### Description of the task
With the pictures omitted, print exactly the lines below, from the one containing "Brachyramphus marmoratus" through the one containing "Carp streamer 75692979", and nothing else.

### Data for this exercise
--*--

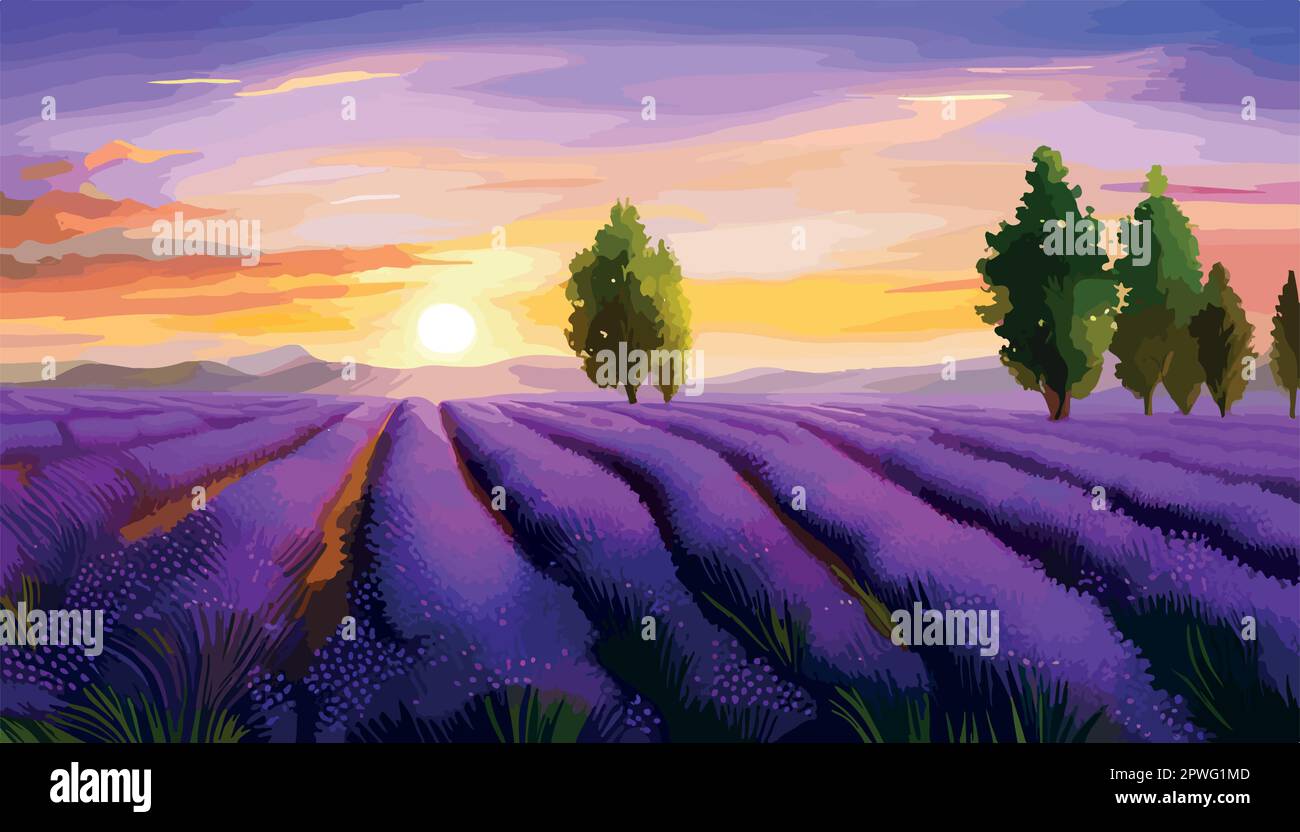 Simple natural horizontal background with blooming lavender field ...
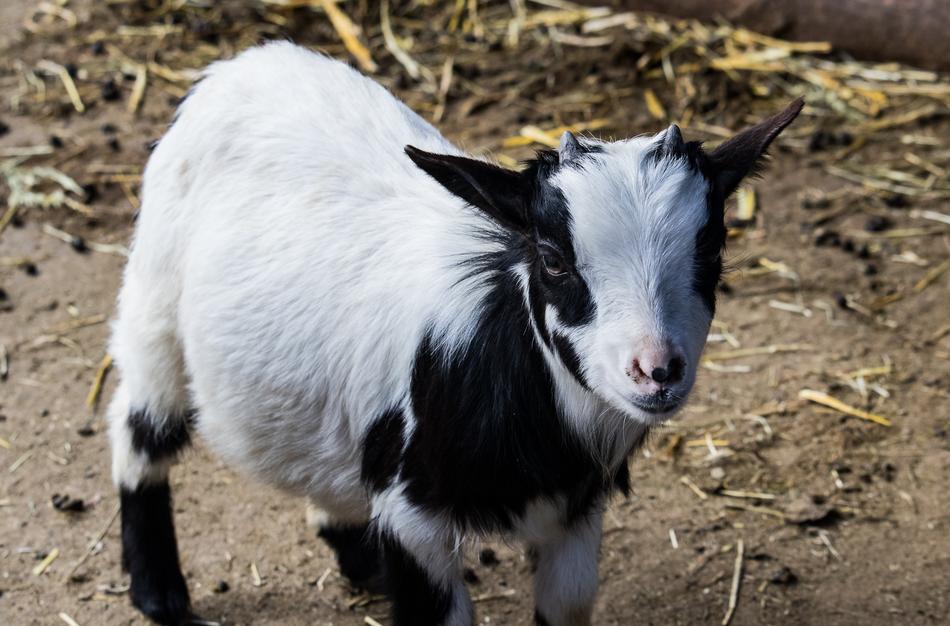 Goat Mammal Animal
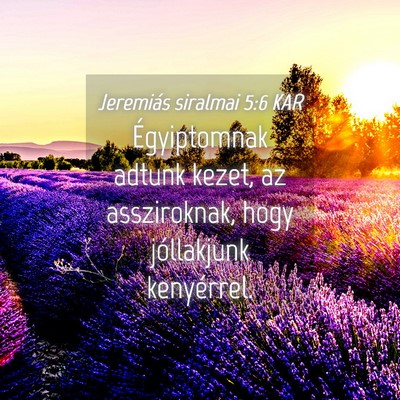 Picture 04 - Jeremiás siralmai 5:6 KAR - Égyiptomnak adtunk kezet, az assziroknak, hogy - Bible Verse Picture
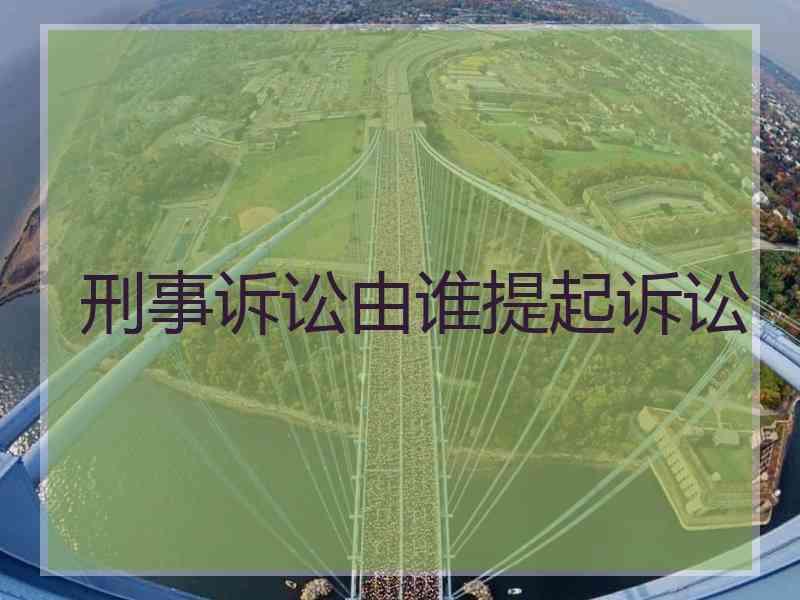 刑事诉讼由谁提起诉讼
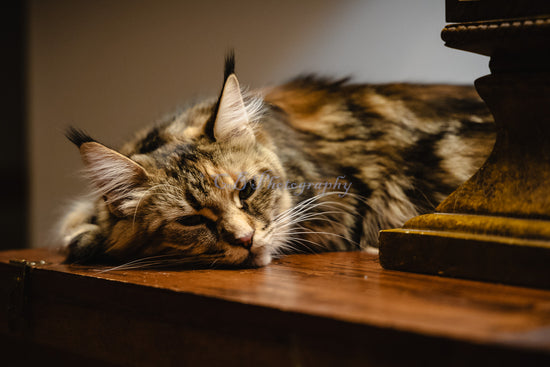 Tabby Maine Coon lounging on a table with eyes halfway open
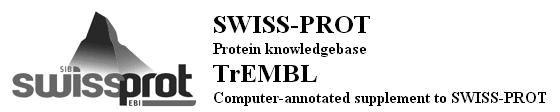 TrEMBL Translated EMBL was created in 1996 as a computer annotated supplement to Swiss-Prot.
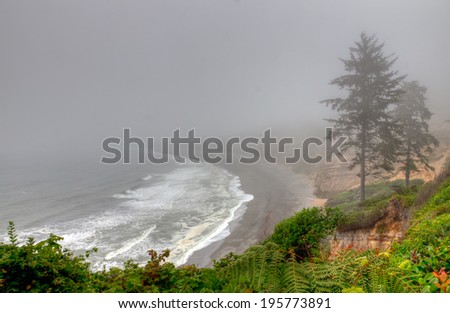 CA- Redwoods National Park.  This scene is located in the oceanside area of the national park, along the Pacific Ocean.
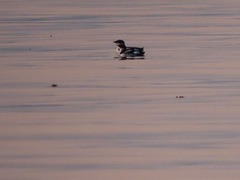 Brachyramphus marmoratus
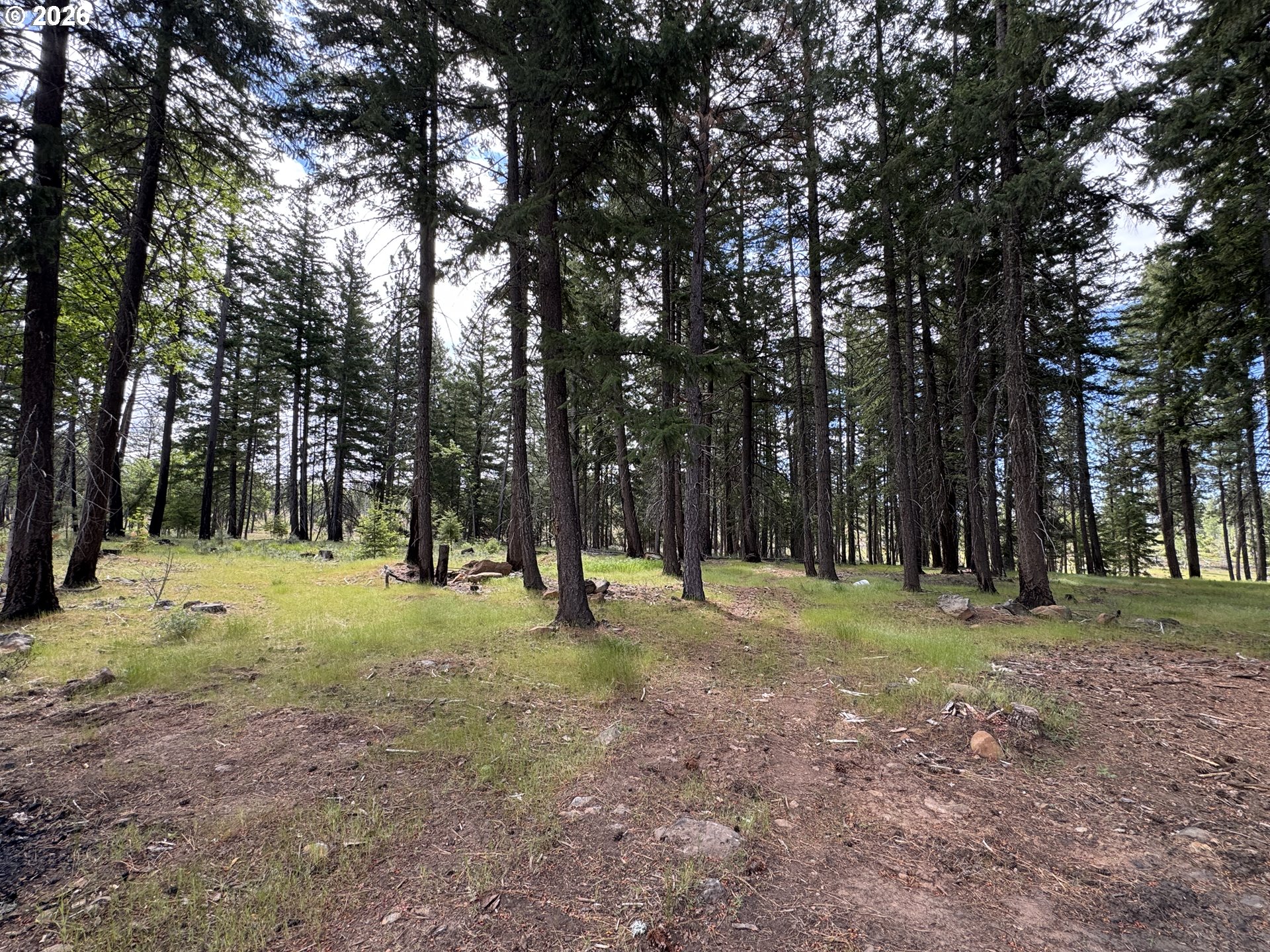 562 England Rd, Goldendale, WA 98620 — photo 2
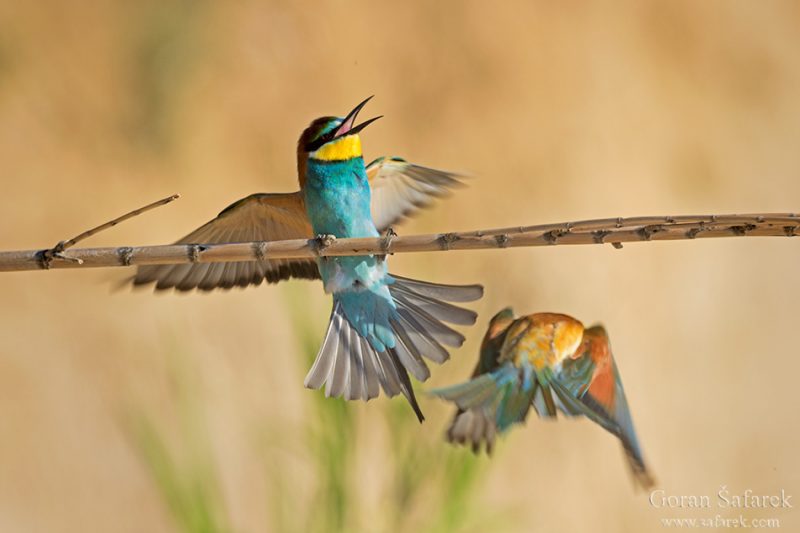 The European bee-eater, Merops apister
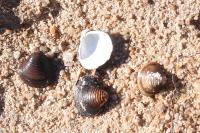 Corbicula fluminea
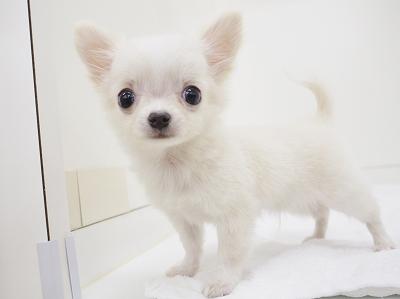 animal_image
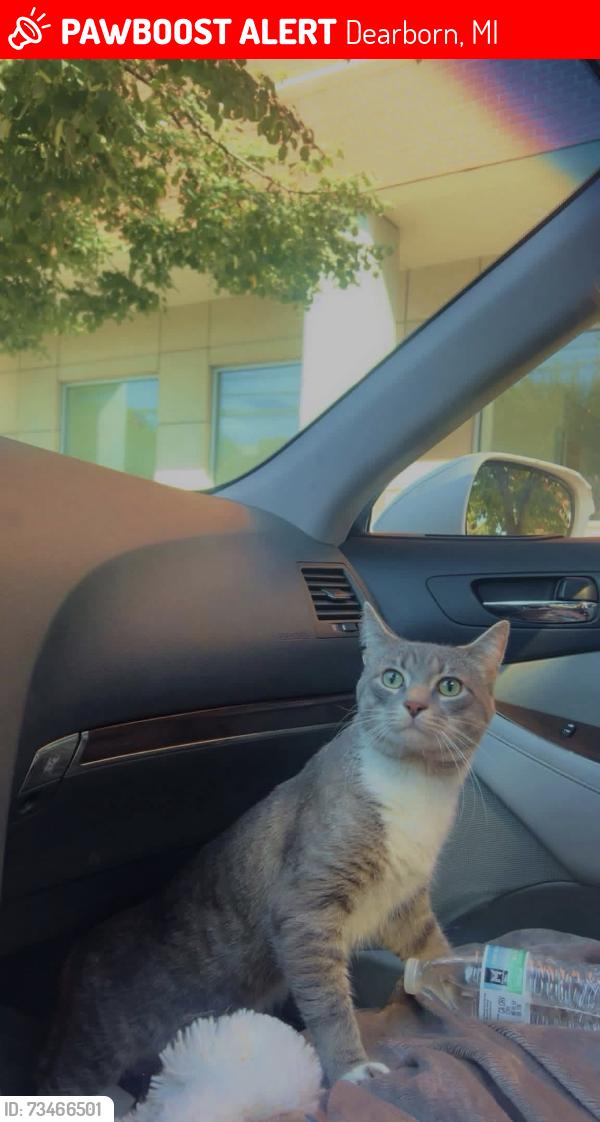 Lost Male Cat last seen Near La Gelati & s across the parking structure. Mason St & Michigan Ave., Dearborn, MI 48124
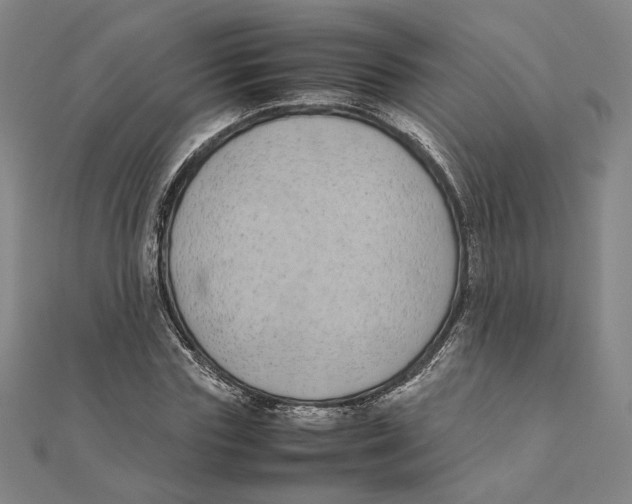 X0000111490827200908111222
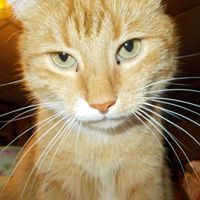 Lori McFadden-Wilson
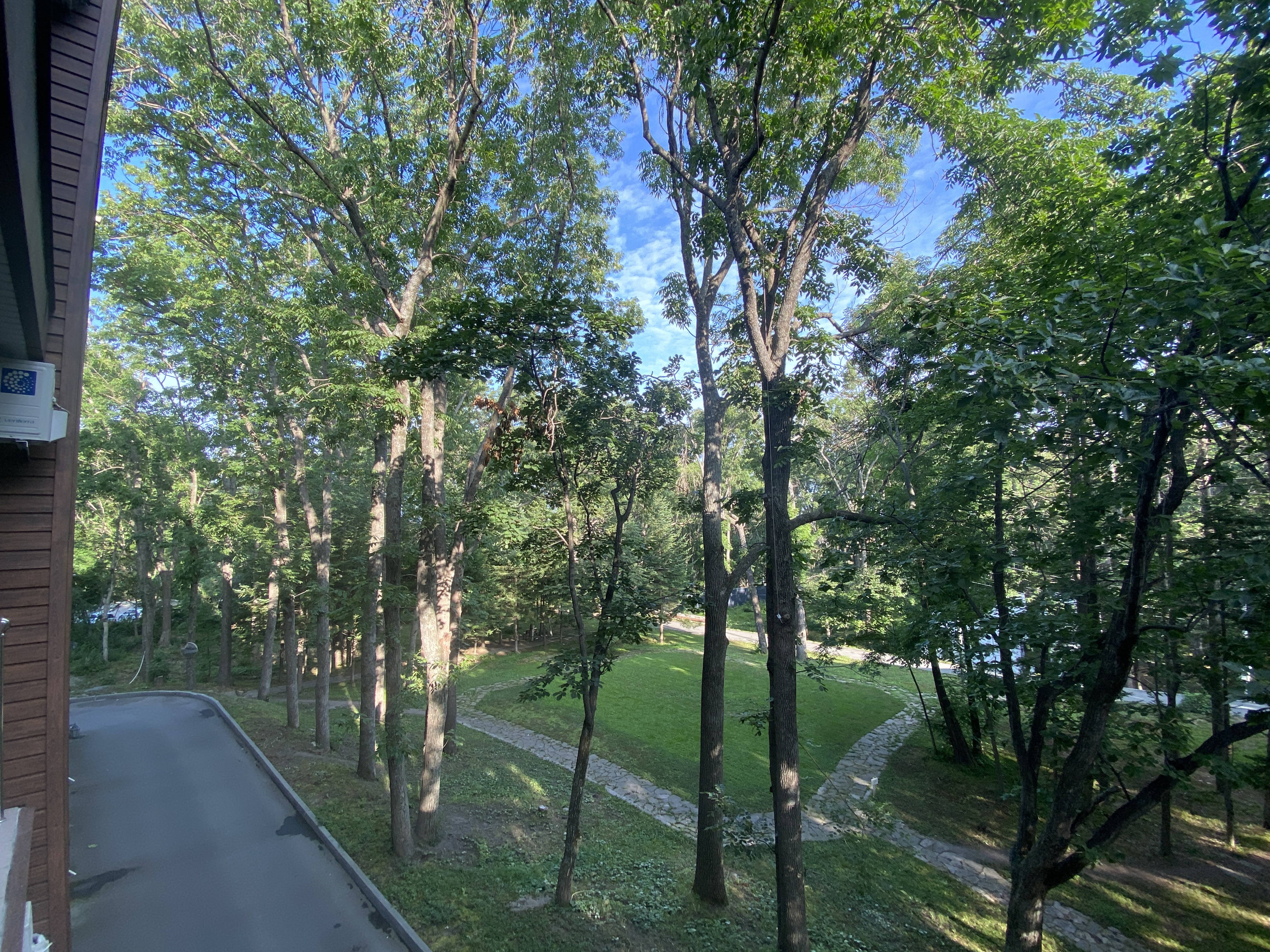 Фото Аврора 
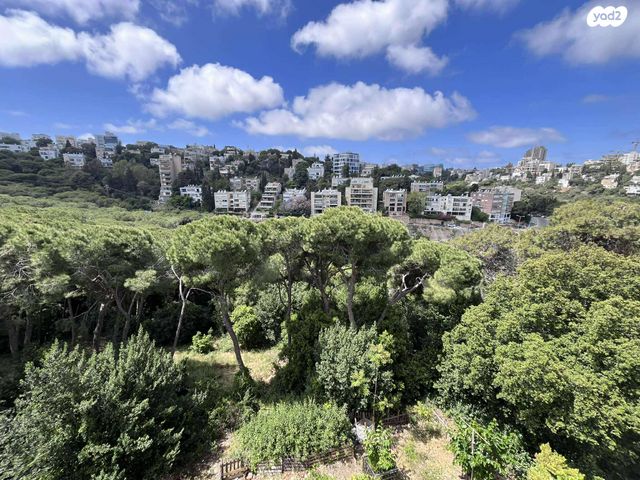 דירה, נעמ"ת, חיפה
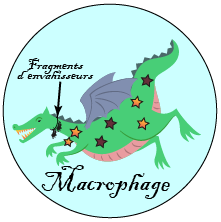 Les macrophages, tels des dragons, engouffrent et détruisent les envahisseurs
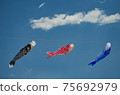 Carp streamer 75692979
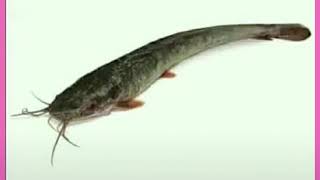 Teka-Teki Tentang 7 Hewan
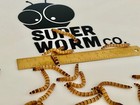 1000 Large Live Superworms 1 5   -2    Feeder Insects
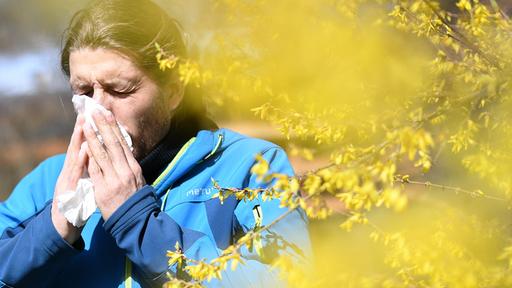 Warum immer mehr Menschen allergisch reagieren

--*--

### Result
 Brachyramphus marmoratus
 562 England Rd, Goldendale, WA 98620 — photo 2
 The European bee-eater, Merops apister
 Corbicula fluminea
 animal_image
 Lost Male Cat last seen Near La Gelati & s across the parking structure. Mason St & Michigan Ave., Dearborn, MI 48124
 X0000111490827200908111222
 Lori McFadden-Wilson
 Фото Аврора 
 דירה, נעמ"ת, חיפה
 Les macrophages, tels des dragons, engouffrent et détruisent les envahisseurs
 Carp streamer 75692979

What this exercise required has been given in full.